I work in Gbeka, where we have 32 women enrolled in the NOW program. I was so thrilled to see the Community Action Group (volunteer Change Agents that are trained through our Community Program) collaborating with the NOW Participants to organize the activities of the Certification Ceremony to ensure that the NOW Participants’ Ceremony was successful. The two groups met and were led by Mohamed Koroma, the Community Action Group (CAG) Leader in Gbeka, and Kadie Momoh, the appointed leader from the NOW Program.
The participant groups from both the Community Action Program and NOW Program planned how they could get enough food to feed the entire community after the Ceremony. CAG men donated money and CAG women donated rice. The groups also approached the Town Authorities for help and they donated a goat for the celebratory meal. The NOW Participants also worked to get a DJ and sound system organized for the Ceremony. It was a total group effort – and led to an incredible celebration for the NOW Participants.
It is great for the Gbeka community to see this sort of unity and collaboration amongst the two OVP program participant groups. In Gbeka, women don’t traditionally have time to plan or sit with colleagues but the NOW participants are making time for this to talk about their workbooks, lessons from NOW sessions, and using their voice in decision-making.

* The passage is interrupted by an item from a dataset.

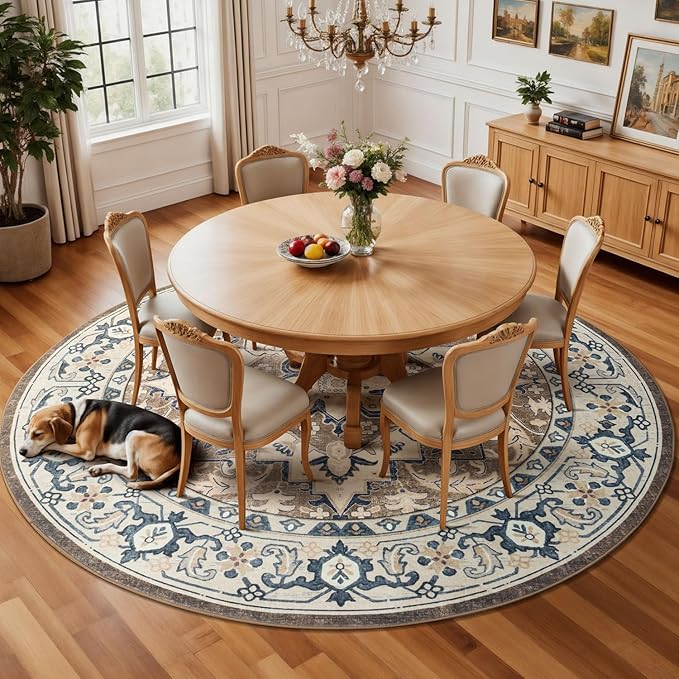 Lessymo 8FT Washable Round Area Rugs for Living Room, Non Slip Circle Rugs Low Pile Vintage Carpet for Bedroom, Dining Room, Nursery, Home Office, Brown Beige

Other community women are seeing this collaboration between the NOW Participants. This is influencing other women in the community to also see that they have the ability to make time to collaborate and work together to better their families. Just like I believe the NOW Participants will continue to be united for their own development, I believe the NOW and Community Action Program Participants will continue to ensure development happens. They will continue to be mobilizers and motivators and the Town Authorities will look to them whenever development is spoken about.

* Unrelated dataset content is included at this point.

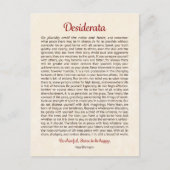 Desiderata Postkarte | Desiderata Mini Kunst (Vorderseite)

This was really exciting to me because it demonstrates social cohesion between the two OVP program participants in Gbeka and it will promote unity and group work within the entire community. I’m certain they’ll keep working together to promote positive change from within their community.

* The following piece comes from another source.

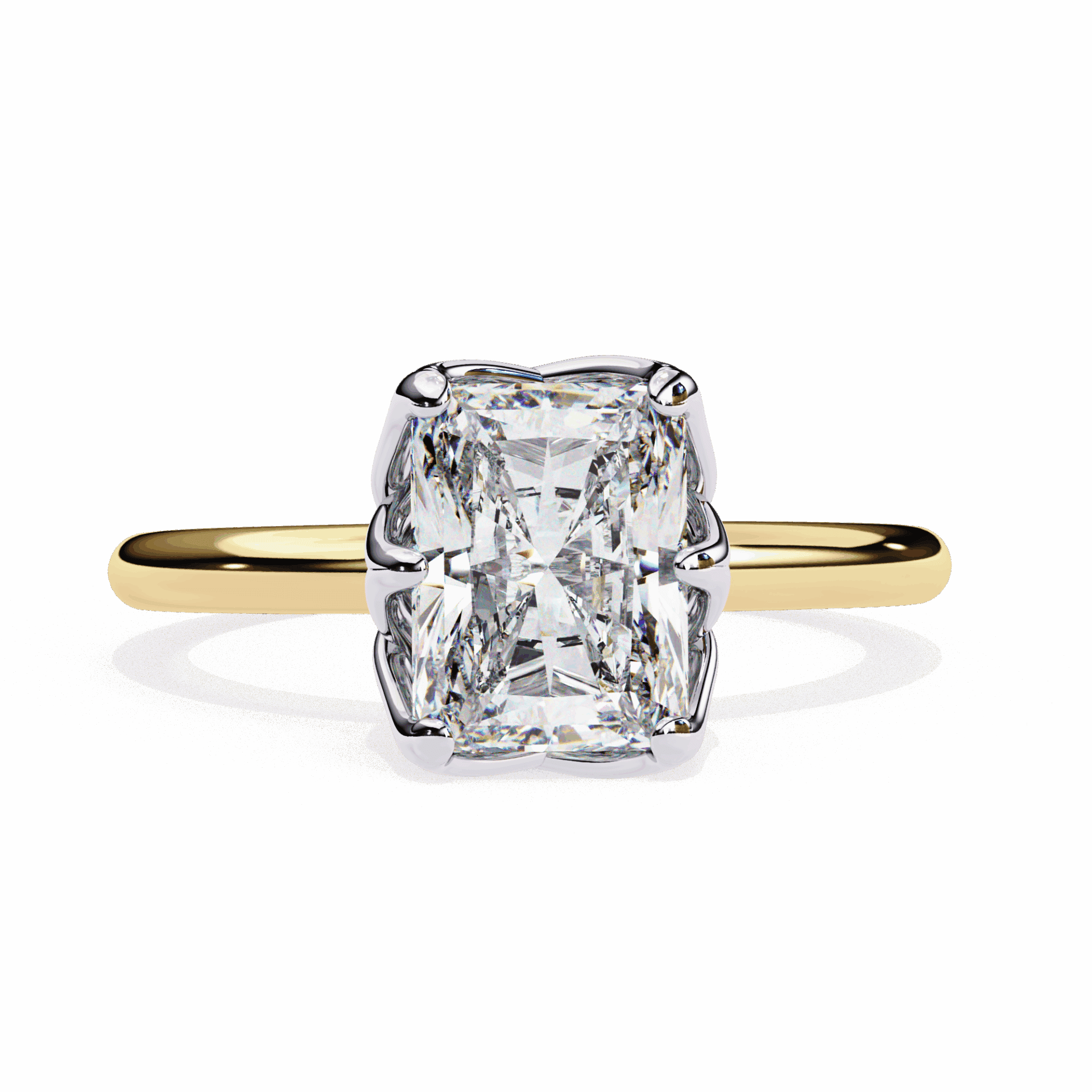 2.5 Carat Radiant Eternal Solitaire Engagement Ring in Moissanite | House of Estara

When we are in the community we are always working to diminish power differences and be on the same level as the community people we are working with – we work to empathize and to show the importance of empathizing with others. We are really role models to the community people, showing unity amongst our fellow colleagues and within the groups that we work with. If the community continues to come together and work hand in hand – ultimately, this will propel social change and create sustainable systems for communities to thrive.
Introducing OVP Nurturing Opportunities for Women (NOW) Coordinator: Josephine M. Sellu
From: Jokibu, Sierra Leone
What motivates me is when I work with these women because I too came from the same community as my participants. I enjoy mentoring them to see that they have the skills and knowledge to make decisions in their families or about their finances.
Something you might not know about Sierra Leone?
Women hardly make decisions in the communities here because they will be dominated by the men who think they are the only ones with the right to make decisions. Especially in some religious traditions, people say, where men are talking, women should not be talking – they should just be listening. So this is why OVP works to transform traditional gender norms. We believe that women too have the right to do anything that men can do and beyond that, we believe that when women are empowered, communities are empowered to create change from within.